EST-CE QUE JUSTIN TRUDEAU RESPECTE SES PROMESSES ?

Le député provincial Andrew Weaver, climatologue et chef du Parti vert de Colombie-Britannique, se trouvait par hasard à Ottawa hier, et il a tenu à assister en direct à la Chambre des communes à l’annonce de M. Trudeau. « C’est la première fois qu’il y a un parti au pouvoir qui agit concrètement sur le coût des émissions de carbone, alors dans ce sens, c’est important », dit-il. L’annonce d’hier a été saluée par la plupart des grands groupes environnementalistes au pays. « Nous avons répété à plusieurs reprises que le gouvernement fédéral, tout en collaborant avec les provinces, devait faire preuve de leadership, et aujourd’hui, le premier ministre Trudeau vient de nous faire la démonstration qu’il pouvait le faire », a déclaré Steven Guilbeault, d’Équiterre.

Taxe carbone

Est-ce une nouvelle taxe ?

Pas vraiment.
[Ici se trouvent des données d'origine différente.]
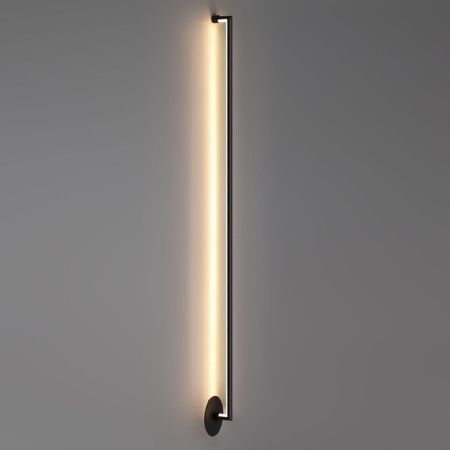 Светильник настенный Odeon Light Teo (Тео) 7022/14WL
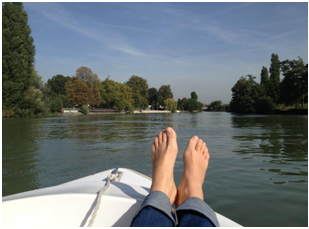 skippair startup skippers professionnels tranquilite Skippair Entreprendre conseil skippair startup skippers professionnels tranquilite Skippair Entreprendre conseil
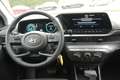 Hyundai i20 1.0 T-GDI Hybrid DCT Trend Navig.Pak Bose Schwarz - thumbnail 14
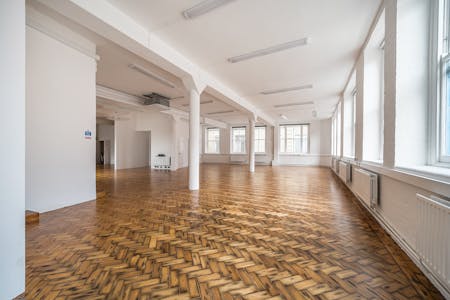 18C Perseverance Works, London, Office To Let - 1420751-13-69a6fc5d6ea7b.jpg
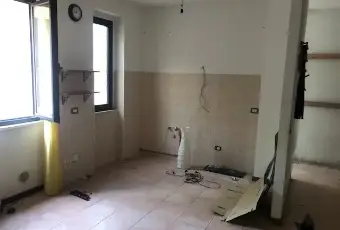 Rexer-Bettola-Villa-semindipendente-in-vendita-a-Bettola-CUCINA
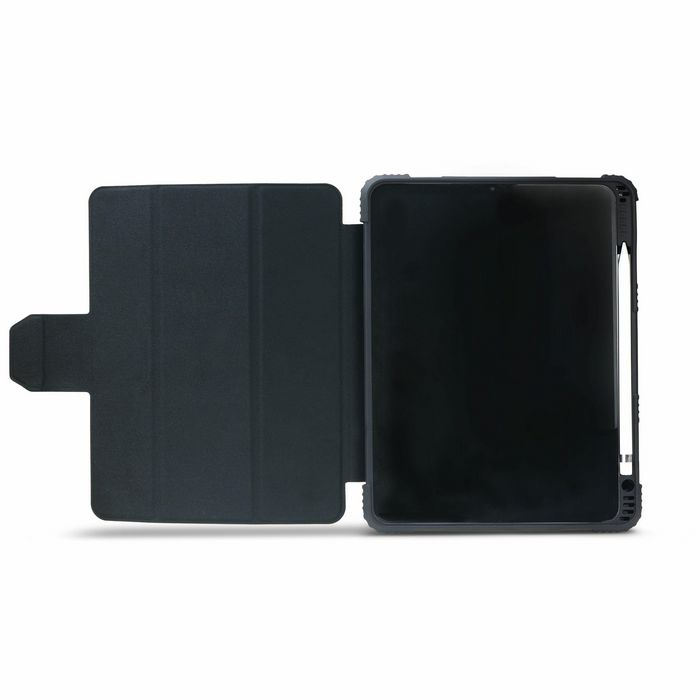 Dicota Tablet Folio Case iPad - Bilde 8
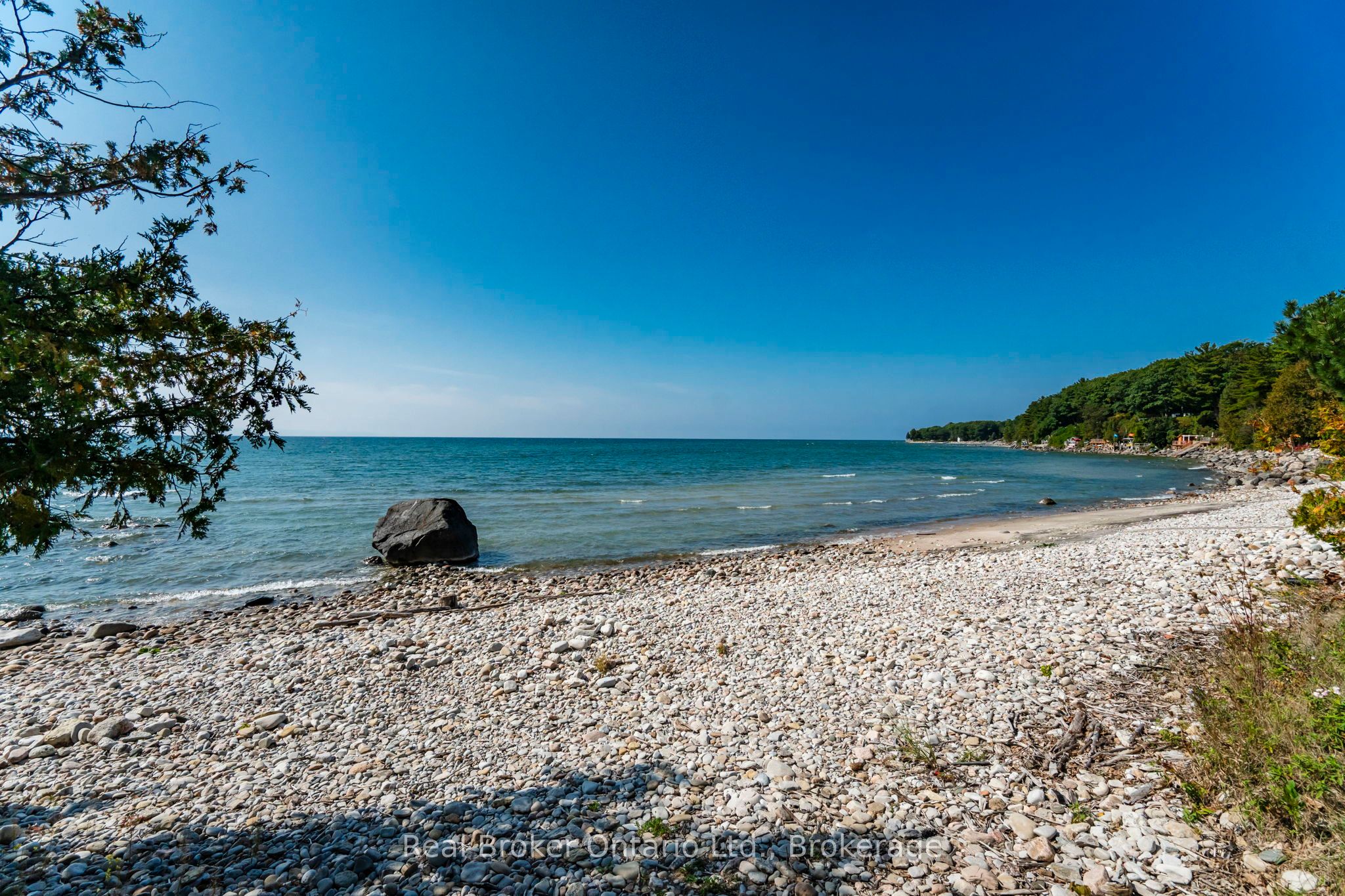 Additional image 5 of 1948 Tiny Beaches Road S, Tiny, ON, L0L 1P1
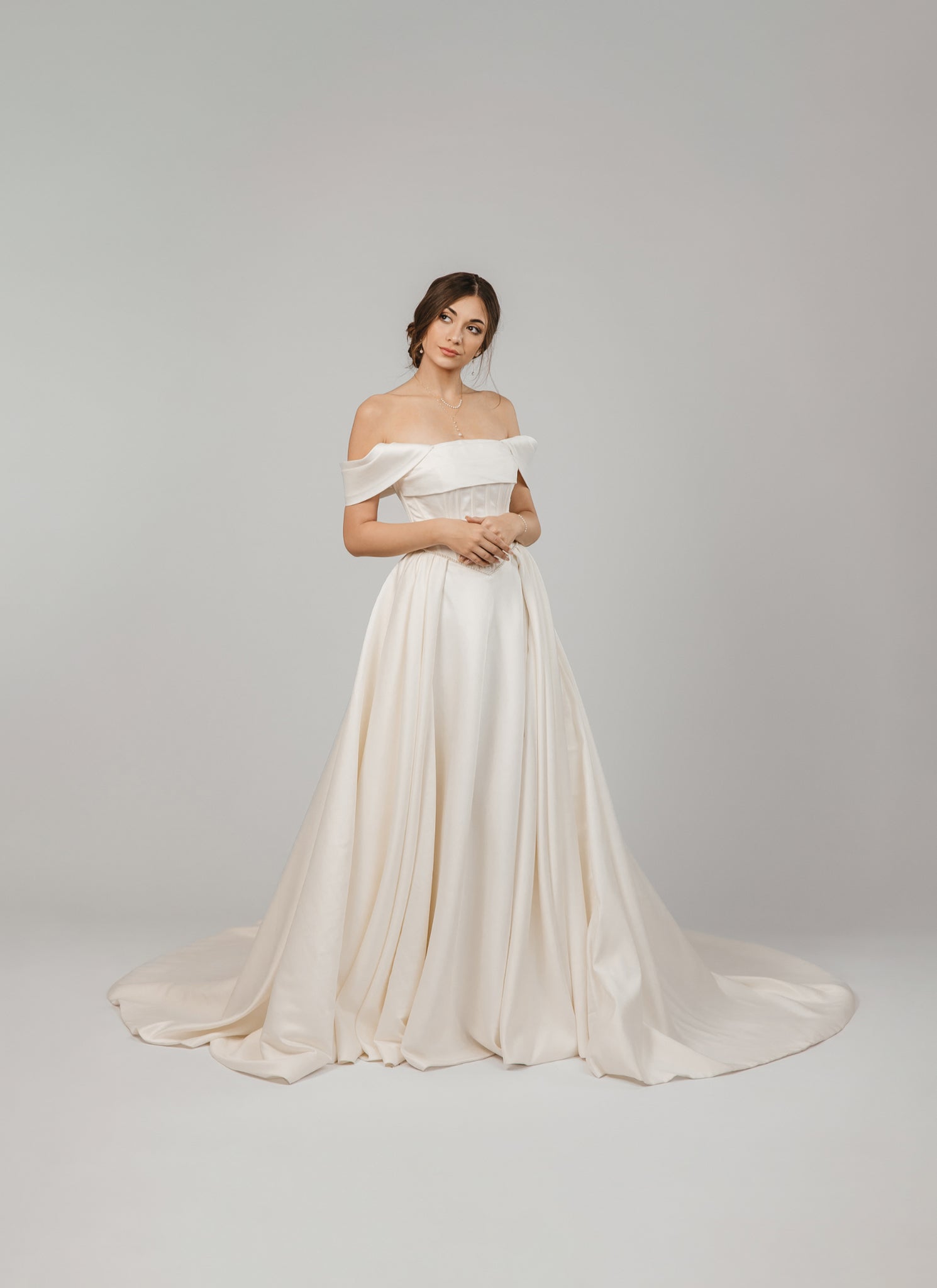Taffeta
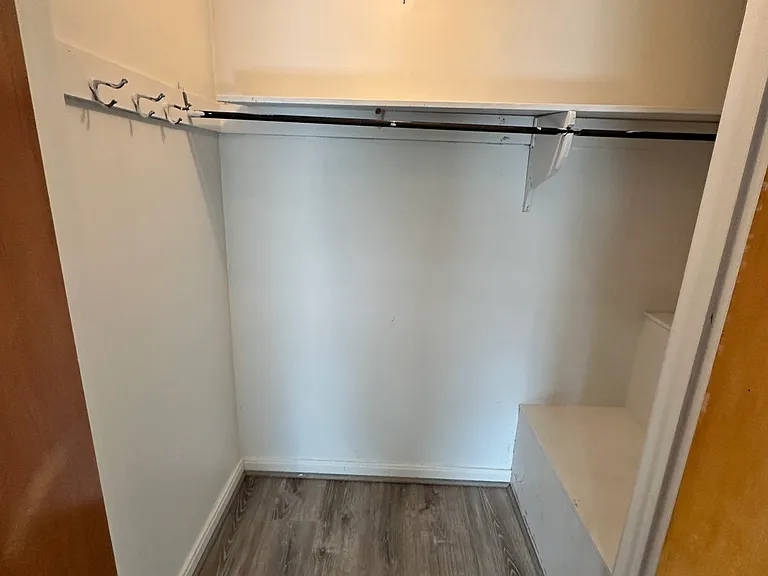 21011 Westway Dr #4 — Photo 23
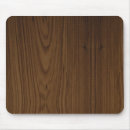 Search for the walnut mousepads Grain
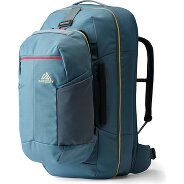Gregory Border 50+15 Reiserucksack 64 cm Produktbild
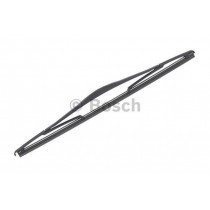 Спирачка Bosch задна за RENAULT Megane I Coupe [X64] (01.96-10.02) 400mm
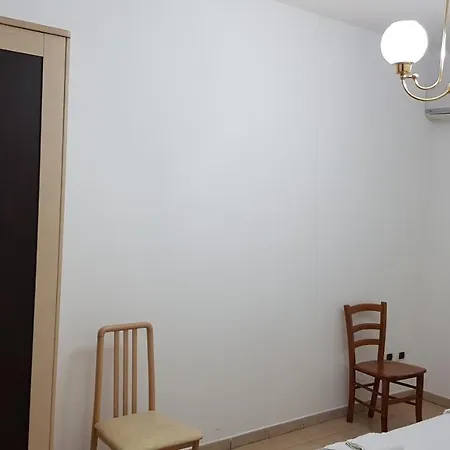 Catona Apart-hotel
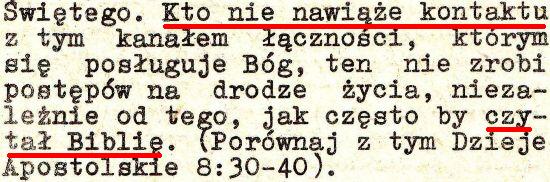 Bogactwo
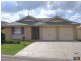 4a James House Close, Singleton NSW 2330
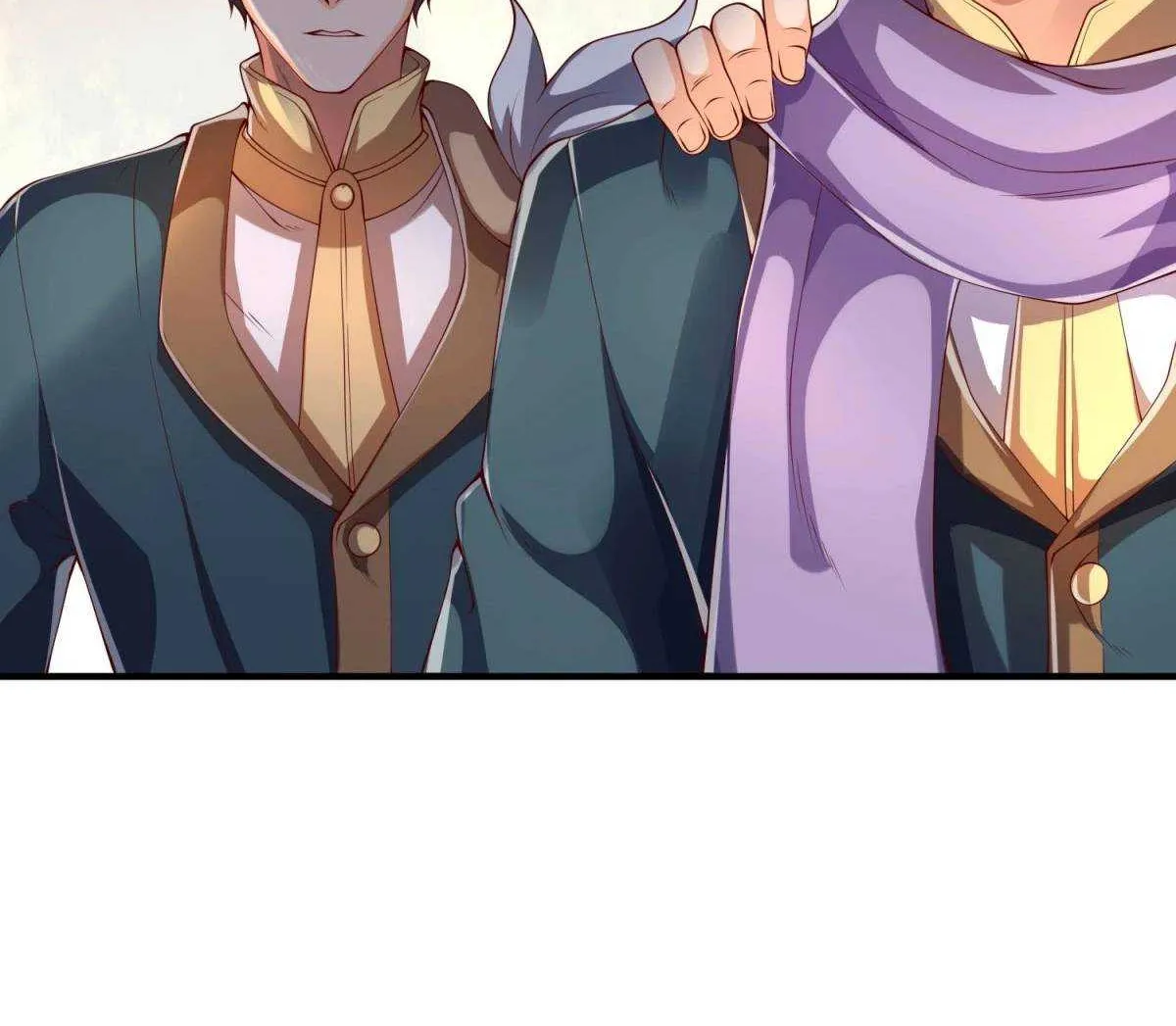 Read Wan Gu Shen Wang chapter 225 image 37 on Lezhin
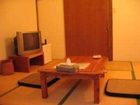 фото отеля Coco Terrace Bed and Breakfast Ishigaki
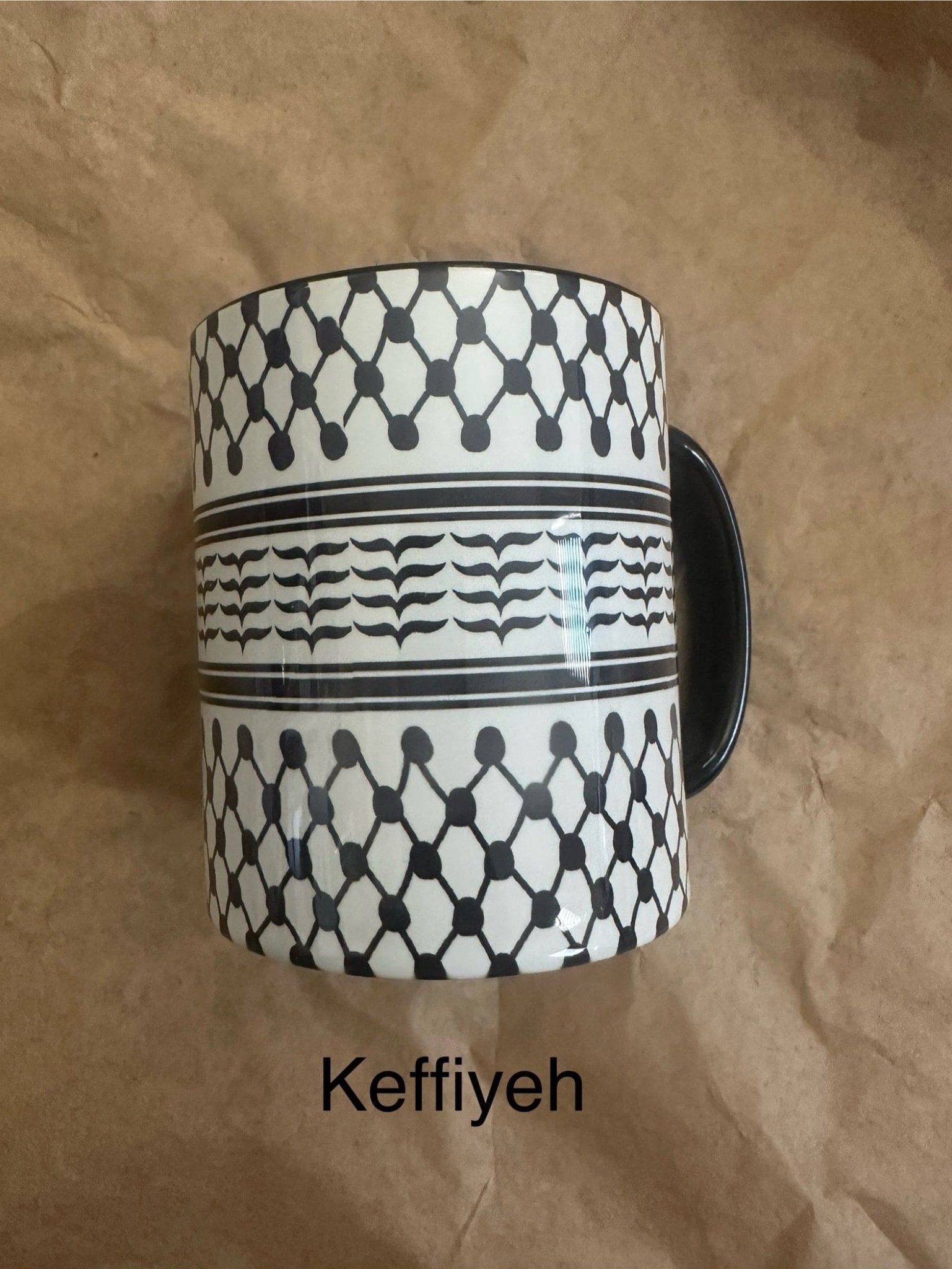 Assorted oopsie or discontinued mugs and jars - madihacreates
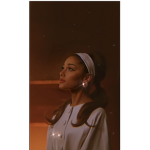 •~ariana grande club•~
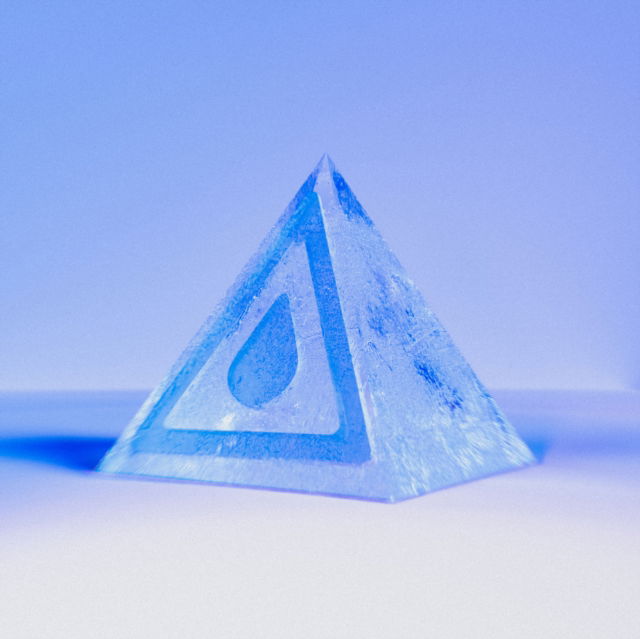 Rain City Drive - Things Are Different Now (LP) Cover Arts and Media | Records on Vinyl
La plus grande part de la population canadienne est déjà soumise à une forme ou une autre de tarification du carbone – ou le sera sous peu. L’Alberta a annoncé une taxe qui atteindra 30 $ la tonne pour 2018. La Colombie-Britannique a une taxe carbone de 30 $. Le Québec a un système de plafonnement et d’échanges qui s’applique à tous les grands émetteurs, et l’Ontario a annoncé qu’il se joindrait à ce marché commun avec la Californie. Le coût par tonne de carbone est de 17 $ actuellement sur ce marché – donc déjà plus que les 10 $ annoncés aujourd’hui – , ce qui se traduit par un coût de 3 ou 4 cents par litre d’essence à la pompe.

Taxe carbone

SUR QUELLES PROVINCES L’IMPACT SERA-T-IL LE PLUS FORT ?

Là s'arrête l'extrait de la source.